In the year and a half or so before his death, my dad called me once or twice a week. Talking to him was never a quick thing. Entering into a phone conversation with my father was an investment of time and energy. Our conversations had a predictable flow. We’d start with an exchange of pleasantries, “how are things?” “how is work?” Then we would move into a series of sports topics for the meat of the conversation. Then would come the politics portion – especially over the last year or so. He would almost always launch into a rant about how conservative and racially insensitive the people in Oklahoma were. Something I have never experienced in my numerous visits there. I think he just hated living in a ‘red state’ and this was his way of lashing out. He almost always had a long, dramatically embellished story about a neighbor or a child who supposedly said something so racist that it sounded like something out of Selma lunch counter in the late 1950s. There were always references to a precious sentimentality to which he clung from his past. It would often involve the valor of my grandfather or the philosophical and moral conviction of my grandmother. They were his heroes as well as his parents.

We would almost always begin the wind down of any phone conversation with a more sincere exchange of “so, how are things going?” and “how are the girls”. Then he would tell me he loved me; “I love you, boy” or “I love you, big guy”. I told him that I loved him too, but not with the same conviction. I’m certain he knew I loved him and he did hear it, but I never gushed it like he did. I robbed him of that. I’m sure it has something to do with the fact that he dragged me through a litany of stories and memories that were not true on any level. I thought I understood why he told those stories. I’m pretty sure I didn’t.

Too often, instead of going along for that sixty minute ride down a memory lane that really only existed in his mind, I flipped open my phone and pushed the ‘ignore’ button on my phone. While I always got around to calling him back, I never considered that perhaps he needed the connection of his beloved son at that moment in his life. Maybe he needed to tell those stories and feel a special connection to family and a past that often required the emotional bandage of an embellished story of family love and togetherness. No matter, he loved me and only wanted the sound of my voice. With the frivolous swipe of my thumb I rejected him – not just his call, but his reach for me.

My guilt and regret is in full effect; this is how it feels. The truth is that sting is starting to fade and his absence is starting to take its place in my life. My dad is gone and this is now my place in life’s cycle.
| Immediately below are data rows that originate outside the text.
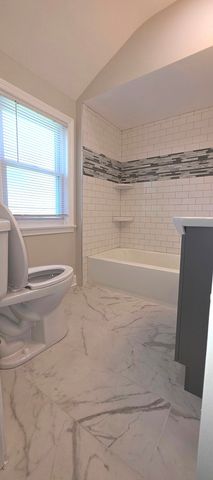 10118 S Luella Avenue, Chicago, IL 60617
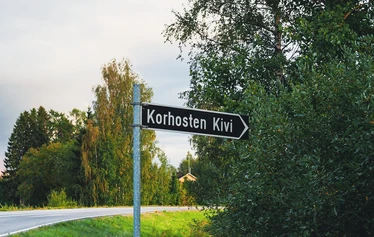 Korhosten kivi - Muistomerkin on pystyttänyt Wanhan Rautalammin Korhosten sukuseura.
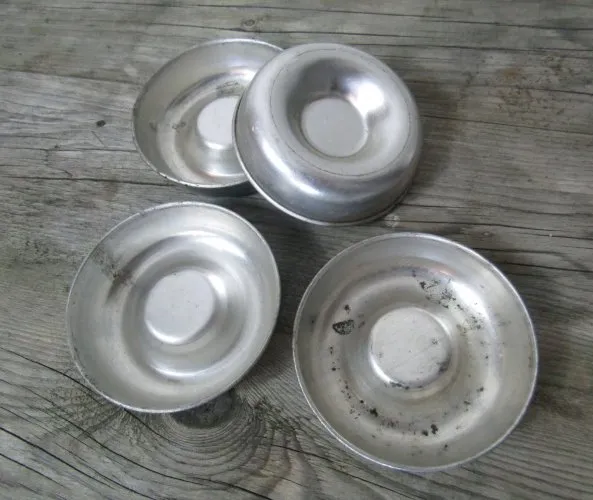 4 anciens moules à gateau métal chirurgical vintage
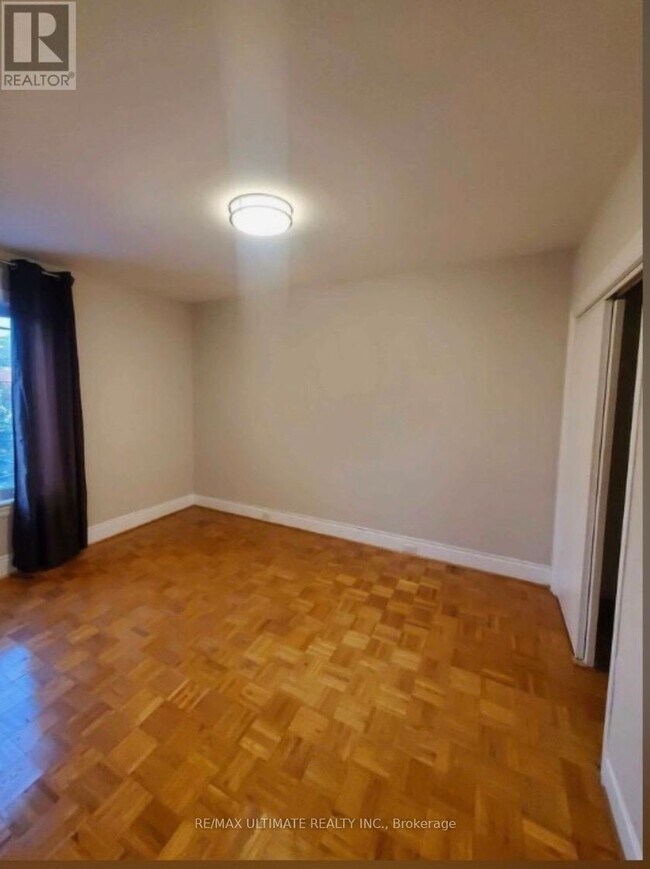 Building Photo - 331 St Clarens Ave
At my age, questions about our parents take nothing for granted and are almost always framed in the context, “are both of your parents still around?”

Being a father in the midst of a divorce myself I have recognized some of the similarities of our situations. The painful aspects draw inevitable comparisons to the pain that I now can imagine more clearly that my dad must have felt. As I consider my future as a father and a soon to be divorced man, I fear that his path could be mine. The concept of bearing his cross in any way or making some of the same mistakes as he and the ghosts of what I have always considered the ridiculous Biblical concept of “sins of a father” seem to be something from which I am beginning to run from no matter how disconnected from reality or crazy they sound. I am my own man with my own way to go. My father’s ills and struggles are his. I know this yet feel stalked by what I now see was his pain. The depth of it and its lasting affects haunt me and bog me down in the form of this guilt over a rejected cell phone call.
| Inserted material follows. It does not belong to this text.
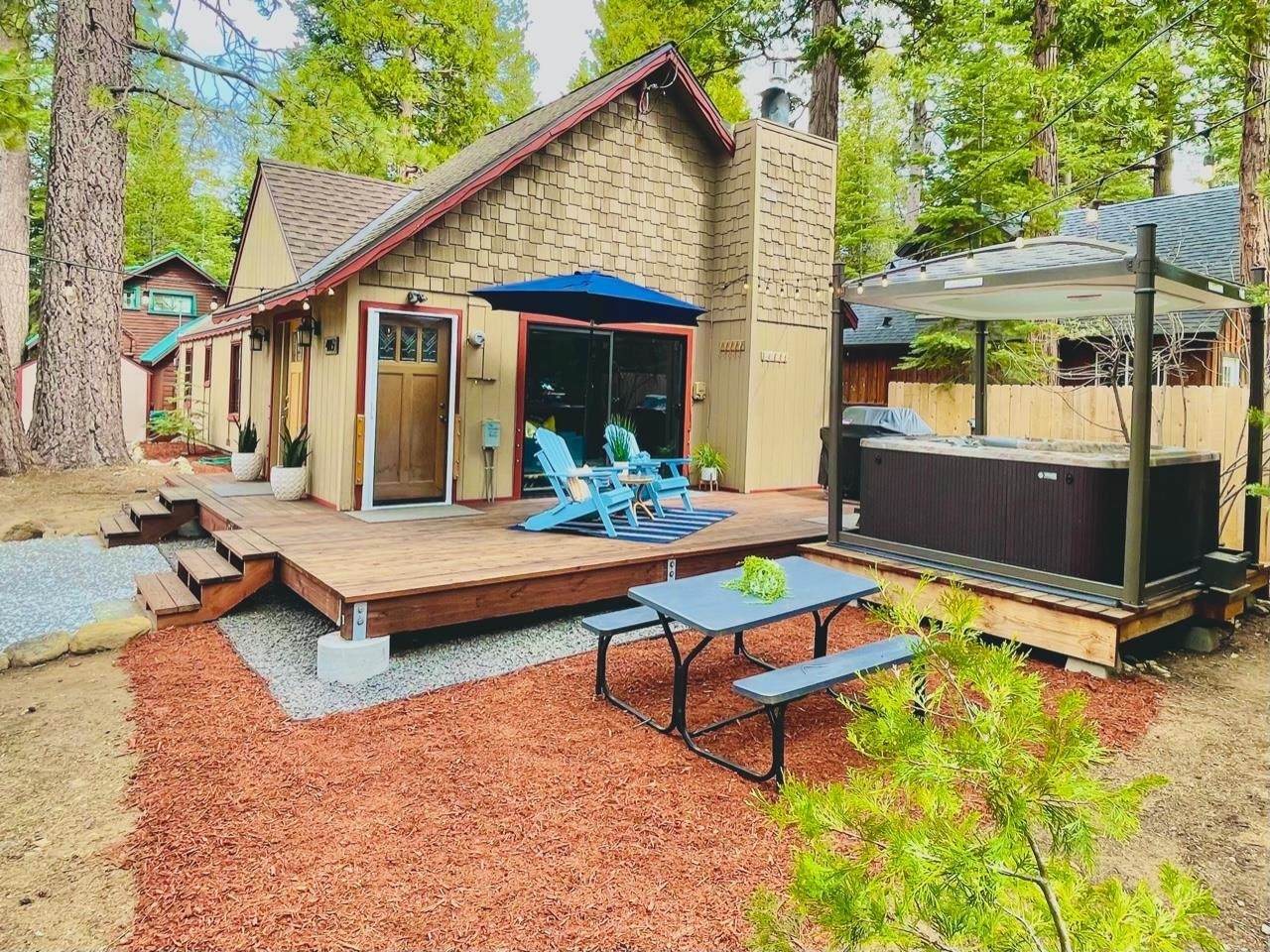 405 Oak Street - Photo 1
So, my quest here will be to fill in the gaps of what I feel. Sort through some of my own most intimate fears about myself and my place by dipping into the emotion and pain caused by the fracturing of my family. I think that the logical path through this starts with the discovery of who my dad was, and why. Some of us are who we are and that’s that. Others are who they are for a reason. There was a reason my dad was who and how he was. I’m not so sure about me, but I need to know.